Generating transformer codes with TVM

I am interested in applying TVM to optimize BERT (especially transformer part).

Thanks to the blog post in TVM’s homepage (https://tvm.ai/2018/03/23/nmt-transformer-optimize) i could easily apply TVM to generate cuda code for the batch matmul operation.

I applied the reference code in the blog (https://github.com/Orion34C/tvm-batch-matmul-example/blob/master/tvm_batch_matmul_transpose_m1_kX.py ) and obtained the cuda code below.

extern "C" __global__ void batch_matmul_transpose_1_16_384_384_64_0213_kernel0( float* __restrict__ A,  float* __restrict__ B,  float* __restrict__ C) {
   float C_local[1];
  C_local[0] = 0.000000e+00f;
  for (int k = 0; k < 64; ++k) {
    C_local[0] = (C_local[0] + (A[((((((((int)blockIdx.y) * 8) + ((int)threadIdx.y)) % 16) * 24576) + ((((((int)blockIdx.y) * 8) + ((int)threadIdx.y)) / 16) * 64)) + k)] * B[(((((((((int)blockIdx.y) * 8) + ((int)threadIdx.y)) % 16) * 24576) + (k * 384)) + (((int)blockIdx.x) * 32)) + ((int)threadIdx.x))]));
  }
  C[((((((int)blockIdx.y) * 3072) + (((int)threadIdx.y) * 384)) + (((int)blockIdx.x) * 32)) + ((int)threadIdx.x))] = C_local[0];
}

But it seems like the code is not well optimized – for example, simple optimizations such as loop unrolling is not applied.
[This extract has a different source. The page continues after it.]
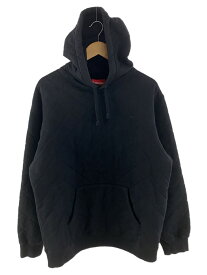 【中古】Supreme◆Quilted Hooded Sweatshirt/パーカー/L/コットン/BLK/※汚れ有【メンズウェア】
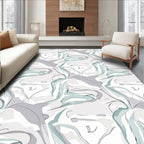 Abstract Swirls Light Gray Mint Rug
The generated code is actually 10X slower than the batch matmul used in Tensorflow (1.14). I’m sure we are doing something wrong here.

Could you give us pointers as to how we could apply optimizations (such as machine learning guided code generation) to this code? (I mean how to make TVM to generate optimized code.)

Thanks!

This sample code is too outdated. If you are running on Volta or Turing GPU, it’s highly recommended to try out TensorCore codegen. Here is the sample code for batch matmul: https://github.com/minminsun/tvm/blob/17a08bb50f6874d50790fefa369d60f2a4b22d81/tutorials/autotvm/tune_tensor_core_batch_matmul.py

For your case, the cmd line is

python tune_tensor_core_batch_matmul.py 16 384 384 64

The generated kernel runs about 32us on V100. If you are running on CUDA10, it can be further reduced to 29us by changing the warp_tile_m from 16 to 32.

@@ -69,7 +69,7 @@ def test_gemm_nn(batch, N, L, M, dtype, layout):
     TY = 1
     tile_x = bx * TX
     tile_y = by * TY
-    WX = min(16, tile_x)
+    WX = min(32, tile_x)
     tile_k = 16